Con queste parole il religioso conquistò centinaia di discepoli – noti come ‘Birbaccioni’, dal titolo di un pezzo di Flaiano – ma si attirò anche le antipatie delle gerarchie ecclesiastiche, soprattutto quelle del perfido Papa che succedette a Bonifacio: Enrico VIII. Questi con regolare delibera scomunicò fra’ Morbidelli Guadagnucci allontanandolo per sempre dai campi di gioco e lo face arrestare dai Bravi. Il Pontefice, consapevole che il pensiero del Morbidelli non era la solita baracconata populista per braccianti pugliesi, ma un’insidiosissima eresia gourmet, non ci pensò due volte a scegliere la punizione più dura. Non solo la condanna a morte, ma l’esecuzione della stessa al termine di torture e soprusi di lunghezza inenarrabile e indefinita. Un supplizio che principiò la notte di Natale 1505 con frustate, insulti gratuiti e una crocifissione non semplicemente legato come Gesù, ma addirittura con i chiodi.
Il martirio proseguì ogni giorno più efferato e sadico, tant’è che dopo appena sei-sette mesi frà Guadagnucci Morbidelli cominciò a chiedere d’essere ammazzato con una bella tranvata. Ma niente, Papa Enrico VIII non ne voleva sapere e diceva ai suoi boia di andare avanti con le più efferate e fantasiose pene corporali, portando l’eretico a un passo dalla morte per poi sottrarlo all’abbraccio nero degli Inferi in modo da dar seguito alle violenze.

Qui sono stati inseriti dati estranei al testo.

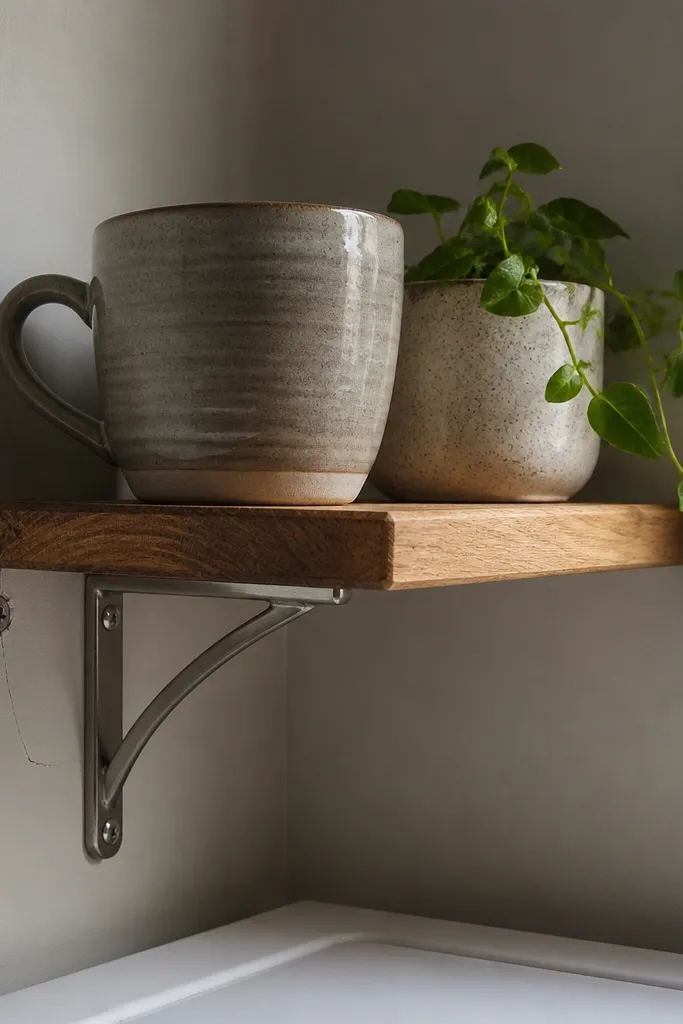 Corner shelf mounted with small wall anchors and uneven support
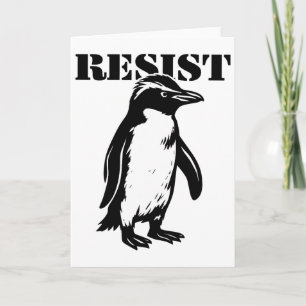 Tarjeta Pinguino divertido resiste protesta contra arancel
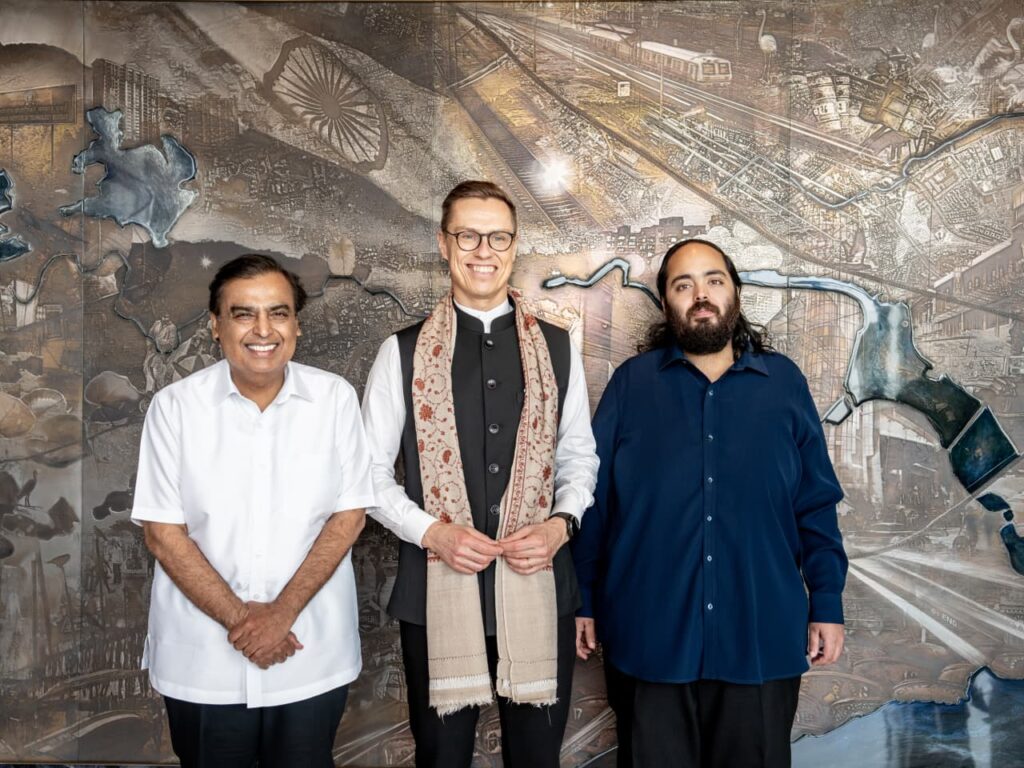 Ambani family hosts Finnish President Alexander Stubb at Mumbai residence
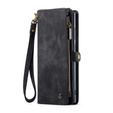 CASEME case for Samsung Galaxy S25 Ultra, Retro Leather Wallet, with strap, black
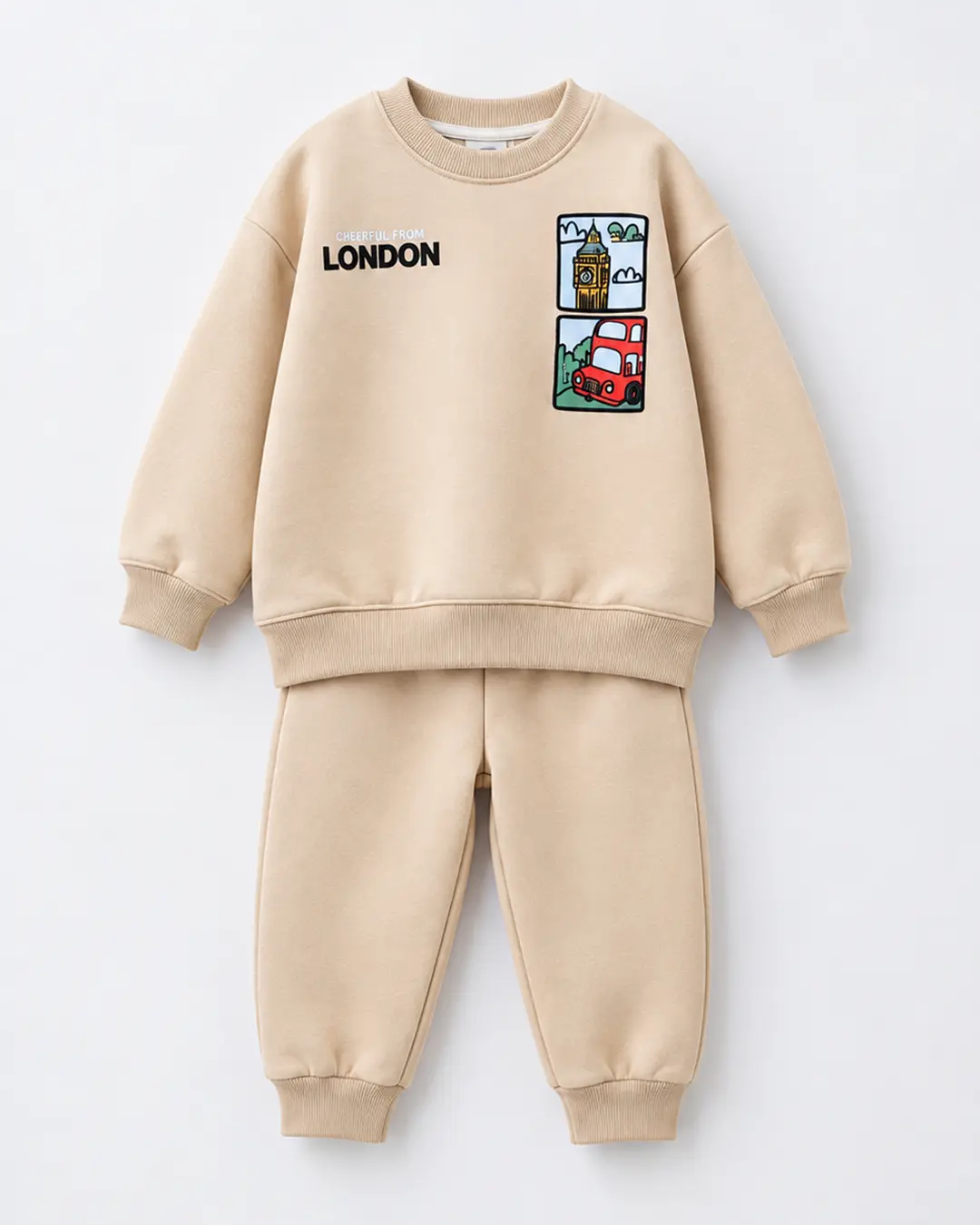 Ensemble garçon molleton non gratté beige imprimé London Bus - Vêtements enfant Tunisie Stylish Kids
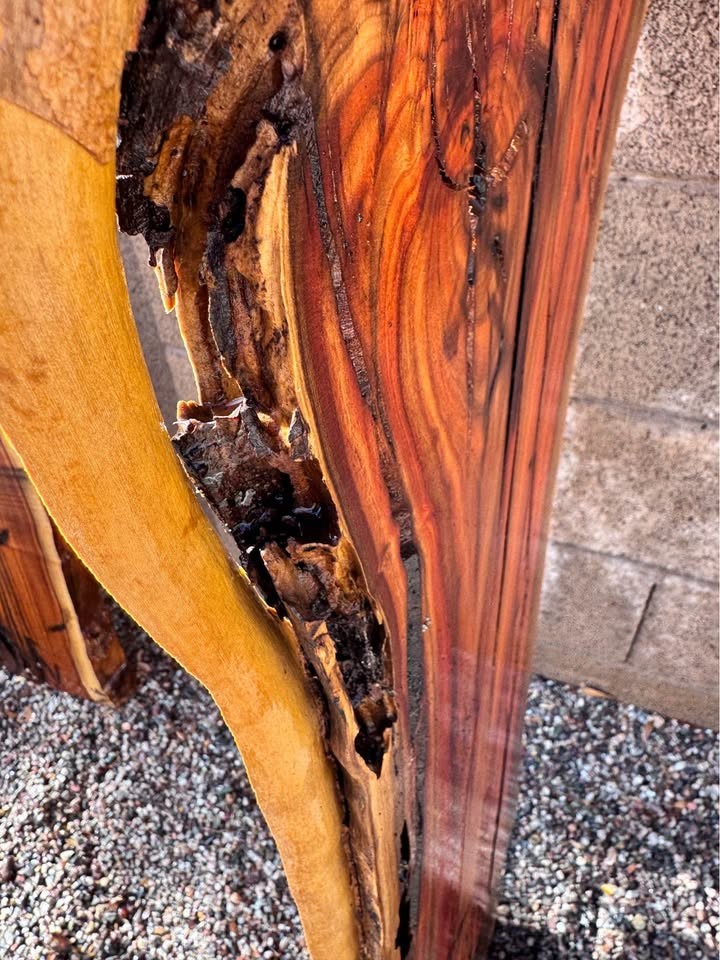 ???? PISTACHIO LIVE-EDGE PLANK — Fiery Reds & Natural Character - Image 4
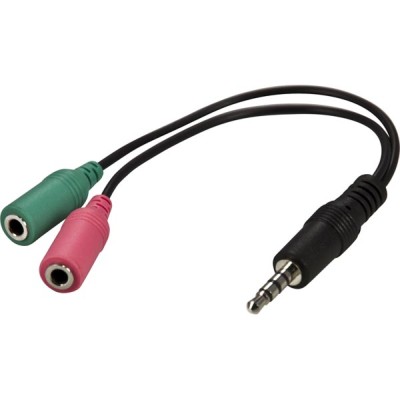 Headsetadapter för Smartphone, 3,5mm (4-polig) till 2x3,5mm (3-polig), 0,1 meter - Svart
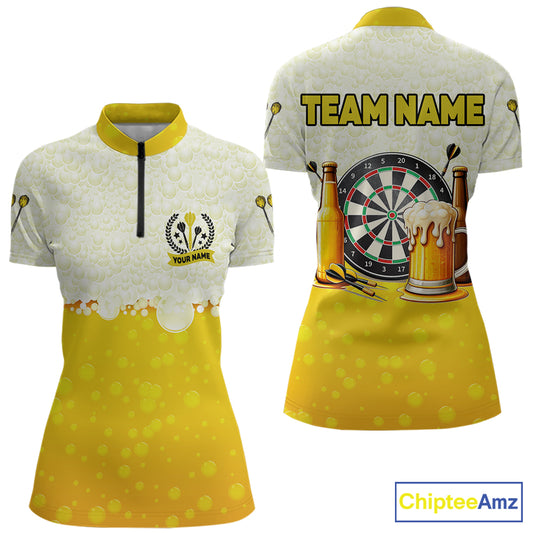 Personalized Yellow Funny Darts And Beer Women Dart Shirts, Drinking Darts Team Jerseys, Dart Gifts TDM2609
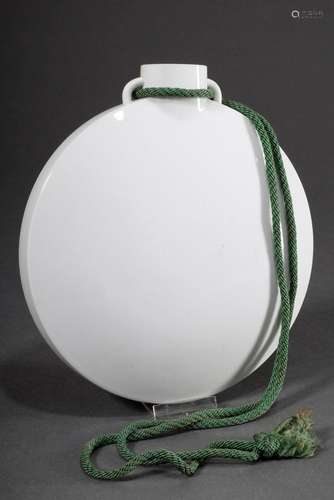 White KPM pilgrim bottle "Trabant" with green cord...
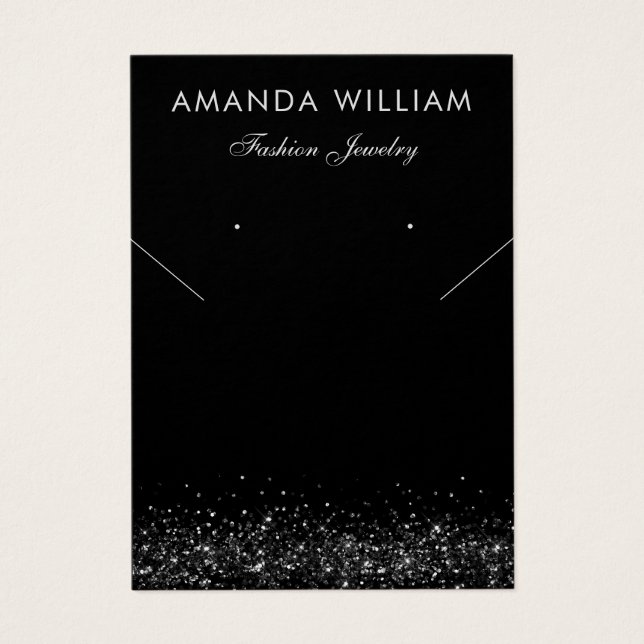 Tarjeta de visualización moderna del collar negro  (Frente)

E nel solco intransigente tracciato da Enrico, ben consci della pericolosità dell’eresia guadagnucciana, agirono anche i papi successivi, da Ivano III a Gianni II, da Sciarra Colonna a monsignor Ravasi, e così via, per un totale di oltre cinquecento anni di torture terribili inflitte al Morbidelli Guadagnucci senza tuttavia consentirgli di morire. Circostanza che a dire il vero ha permesso all’eretico, oggi 536enne, di portare la sua soglia di sopportazione del dolore a livelli incredibili, tant’è che ormai fa finta di soffrire per non far restare male gli aguzzini e a volte nel tempo libero va pure ospite da Costanzo.